Imagine we could turn our lives back to exactly one moment and, once inside that instant, make a different choice. From that point, life would play out as it already has with just that small tweak. Where would we be?
My first idea for this superpower took me back to age 16, to the day I cheated at Canasta, a family favorite card game. Of all the mistakes I’ve made, things I’ve regretted saying or leaving unsaid, and opportunities missed, I’ve found it incredibly difficult to forgive myself for this.
I was playing with my Grandmother and, not for the first time, hid some aces and wildcards under my leg when it was my turn to deal.

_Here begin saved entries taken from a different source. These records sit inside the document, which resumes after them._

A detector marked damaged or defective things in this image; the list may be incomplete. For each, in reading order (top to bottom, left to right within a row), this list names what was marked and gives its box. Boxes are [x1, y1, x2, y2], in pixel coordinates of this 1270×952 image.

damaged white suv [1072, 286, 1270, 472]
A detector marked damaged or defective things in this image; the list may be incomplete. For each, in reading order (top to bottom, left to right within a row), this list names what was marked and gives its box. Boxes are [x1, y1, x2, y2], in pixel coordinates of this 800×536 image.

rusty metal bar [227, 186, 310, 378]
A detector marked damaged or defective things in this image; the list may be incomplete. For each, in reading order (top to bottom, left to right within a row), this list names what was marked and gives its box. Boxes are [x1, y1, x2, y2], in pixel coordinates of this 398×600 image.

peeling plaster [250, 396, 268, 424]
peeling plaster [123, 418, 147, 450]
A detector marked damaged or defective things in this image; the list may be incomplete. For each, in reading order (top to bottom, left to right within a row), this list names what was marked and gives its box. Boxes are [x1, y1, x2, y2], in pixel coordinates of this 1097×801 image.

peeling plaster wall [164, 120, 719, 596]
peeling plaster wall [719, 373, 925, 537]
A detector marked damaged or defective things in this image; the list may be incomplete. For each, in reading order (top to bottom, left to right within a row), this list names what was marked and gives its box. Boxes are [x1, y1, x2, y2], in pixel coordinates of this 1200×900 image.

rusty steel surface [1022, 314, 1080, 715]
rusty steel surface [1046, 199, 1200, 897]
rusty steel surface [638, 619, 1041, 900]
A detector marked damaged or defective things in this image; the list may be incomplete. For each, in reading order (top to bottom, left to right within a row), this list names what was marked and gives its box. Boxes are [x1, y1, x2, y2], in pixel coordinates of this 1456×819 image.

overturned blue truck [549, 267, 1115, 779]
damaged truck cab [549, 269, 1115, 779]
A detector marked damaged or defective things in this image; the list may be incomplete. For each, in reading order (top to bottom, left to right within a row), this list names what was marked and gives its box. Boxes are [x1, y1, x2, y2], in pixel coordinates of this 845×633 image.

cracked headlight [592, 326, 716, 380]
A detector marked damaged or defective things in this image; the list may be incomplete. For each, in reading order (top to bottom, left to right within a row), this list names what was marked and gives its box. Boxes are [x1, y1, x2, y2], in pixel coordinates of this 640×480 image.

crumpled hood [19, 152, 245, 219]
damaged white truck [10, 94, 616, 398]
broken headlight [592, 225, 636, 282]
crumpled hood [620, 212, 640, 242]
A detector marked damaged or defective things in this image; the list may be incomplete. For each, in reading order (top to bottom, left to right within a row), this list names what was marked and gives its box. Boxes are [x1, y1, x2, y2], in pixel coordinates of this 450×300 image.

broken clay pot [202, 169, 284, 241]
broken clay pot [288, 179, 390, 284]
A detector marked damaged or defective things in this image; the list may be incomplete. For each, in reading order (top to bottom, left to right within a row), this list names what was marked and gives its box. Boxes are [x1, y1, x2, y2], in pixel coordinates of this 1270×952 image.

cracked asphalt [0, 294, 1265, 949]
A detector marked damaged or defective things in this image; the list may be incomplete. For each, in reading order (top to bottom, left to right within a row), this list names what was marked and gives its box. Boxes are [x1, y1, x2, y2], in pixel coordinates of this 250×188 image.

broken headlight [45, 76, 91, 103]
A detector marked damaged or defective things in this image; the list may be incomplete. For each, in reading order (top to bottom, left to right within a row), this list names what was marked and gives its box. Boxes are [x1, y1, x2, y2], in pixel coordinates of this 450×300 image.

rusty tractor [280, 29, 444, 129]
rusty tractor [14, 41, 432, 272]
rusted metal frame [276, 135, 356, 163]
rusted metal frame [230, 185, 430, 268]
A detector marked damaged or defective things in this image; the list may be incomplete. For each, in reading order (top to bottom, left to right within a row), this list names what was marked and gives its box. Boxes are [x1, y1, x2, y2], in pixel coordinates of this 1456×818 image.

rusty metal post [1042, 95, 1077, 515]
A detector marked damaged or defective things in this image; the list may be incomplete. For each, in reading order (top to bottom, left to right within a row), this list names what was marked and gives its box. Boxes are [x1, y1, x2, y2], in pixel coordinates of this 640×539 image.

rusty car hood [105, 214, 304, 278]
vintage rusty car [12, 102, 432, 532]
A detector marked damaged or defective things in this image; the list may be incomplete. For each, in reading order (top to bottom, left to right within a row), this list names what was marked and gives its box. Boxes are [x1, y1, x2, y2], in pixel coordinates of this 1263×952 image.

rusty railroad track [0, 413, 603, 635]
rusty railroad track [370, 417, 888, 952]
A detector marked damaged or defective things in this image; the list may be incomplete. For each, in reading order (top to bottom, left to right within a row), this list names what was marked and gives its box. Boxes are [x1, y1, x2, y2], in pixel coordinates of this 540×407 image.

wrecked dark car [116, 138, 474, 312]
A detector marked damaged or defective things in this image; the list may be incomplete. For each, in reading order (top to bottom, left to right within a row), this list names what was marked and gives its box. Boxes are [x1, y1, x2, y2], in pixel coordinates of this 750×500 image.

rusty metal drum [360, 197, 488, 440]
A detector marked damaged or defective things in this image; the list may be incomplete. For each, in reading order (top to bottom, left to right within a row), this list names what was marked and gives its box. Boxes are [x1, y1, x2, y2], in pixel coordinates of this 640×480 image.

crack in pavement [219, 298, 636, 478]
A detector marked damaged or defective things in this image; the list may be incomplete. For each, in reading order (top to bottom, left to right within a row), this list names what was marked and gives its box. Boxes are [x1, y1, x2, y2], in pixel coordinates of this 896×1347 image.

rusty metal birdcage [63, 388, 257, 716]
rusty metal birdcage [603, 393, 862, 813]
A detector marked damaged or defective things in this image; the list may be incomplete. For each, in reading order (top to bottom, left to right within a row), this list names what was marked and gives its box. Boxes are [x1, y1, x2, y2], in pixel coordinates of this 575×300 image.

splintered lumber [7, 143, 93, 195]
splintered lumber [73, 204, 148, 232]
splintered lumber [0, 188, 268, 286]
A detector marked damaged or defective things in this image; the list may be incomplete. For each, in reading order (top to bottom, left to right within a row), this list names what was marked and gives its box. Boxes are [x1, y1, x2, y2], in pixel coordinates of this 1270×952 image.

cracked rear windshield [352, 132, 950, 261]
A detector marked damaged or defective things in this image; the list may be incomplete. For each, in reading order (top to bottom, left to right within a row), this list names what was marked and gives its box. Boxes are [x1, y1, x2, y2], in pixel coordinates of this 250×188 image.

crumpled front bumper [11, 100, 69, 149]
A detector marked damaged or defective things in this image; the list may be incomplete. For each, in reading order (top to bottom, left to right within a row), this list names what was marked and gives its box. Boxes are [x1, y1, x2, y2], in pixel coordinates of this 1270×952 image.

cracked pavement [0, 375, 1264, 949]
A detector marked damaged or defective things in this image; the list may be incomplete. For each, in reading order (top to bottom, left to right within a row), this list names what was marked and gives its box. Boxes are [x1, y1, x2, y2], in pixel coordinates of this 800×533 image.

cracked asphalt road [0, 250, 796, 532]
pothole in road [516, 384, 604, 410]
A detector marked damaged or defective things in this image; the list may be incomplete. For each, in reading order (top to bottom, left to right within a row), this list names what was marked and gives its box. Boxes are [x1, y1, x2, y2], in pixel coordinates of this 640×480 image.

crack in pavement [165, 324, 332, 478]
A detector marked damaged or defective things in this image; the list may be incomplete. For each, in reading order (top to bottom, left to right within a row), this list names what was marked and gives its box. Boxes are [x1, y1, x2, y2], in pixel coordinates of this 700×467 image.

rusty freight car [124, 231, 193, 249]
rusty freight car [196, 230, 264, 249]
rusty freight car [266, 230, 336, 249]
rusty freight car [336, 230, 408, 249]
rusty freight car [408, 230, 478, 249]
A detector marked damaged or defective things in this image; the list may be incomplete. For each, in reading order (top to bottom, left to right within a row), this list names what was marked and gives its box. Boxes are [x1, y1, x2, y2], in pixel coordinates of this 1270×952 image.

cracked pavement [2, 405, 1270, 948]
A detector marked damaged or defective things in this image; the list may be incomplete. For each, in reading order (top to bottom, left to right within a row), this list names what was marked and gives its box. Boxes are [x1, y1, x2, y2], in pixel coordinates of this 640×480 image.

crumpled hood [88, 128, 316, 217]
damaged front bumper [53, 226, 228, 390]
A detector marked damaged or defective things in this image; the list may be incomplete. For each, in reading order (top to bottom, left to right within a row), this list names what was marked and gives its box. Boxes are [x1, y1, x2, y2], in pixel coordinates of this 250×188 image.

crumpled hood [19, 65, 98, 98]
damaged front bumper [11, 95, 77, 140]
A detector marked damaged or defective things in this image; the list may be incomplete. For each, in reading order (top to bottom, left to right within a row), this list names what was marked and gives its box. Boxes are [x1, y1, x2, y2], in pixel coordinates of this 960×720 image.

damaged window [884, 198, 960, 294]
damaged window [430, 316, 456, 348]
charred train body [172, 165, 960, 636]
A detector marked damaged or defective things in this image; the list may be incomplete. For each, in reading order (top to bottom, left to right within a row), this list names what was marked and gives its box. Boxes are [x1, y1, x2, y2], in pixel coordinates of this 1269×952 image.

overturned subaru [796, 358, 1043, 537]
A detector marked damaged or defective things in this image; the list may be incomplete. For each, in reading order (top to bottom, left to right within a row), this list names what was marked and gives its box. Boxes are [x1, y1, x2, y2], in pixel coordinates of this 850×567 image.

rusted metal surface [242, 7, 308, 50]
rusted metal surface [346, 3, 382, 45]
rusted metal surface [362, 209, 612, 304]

Naturally I spirited these back into play, winning handily. It wasn’t so much the glory of winning I was after, but the satisfaction of getting really good hands.
I didn’t know it at the time, but this happened to be the last time we played.
Just weeks later, my Grandmother died suddenly of a massive heart attack. She was gone. Of course I was filled with all kinds of grief and worry. But one fact became clear: I had cheated her and could never make it right. The evening after the funeral, I locked myself in my room, obsessively playing “Landslide” over hiccup tears, inconsolable over the loss and, not so incidentally, my bad behavior. Writing this, I still feel bad.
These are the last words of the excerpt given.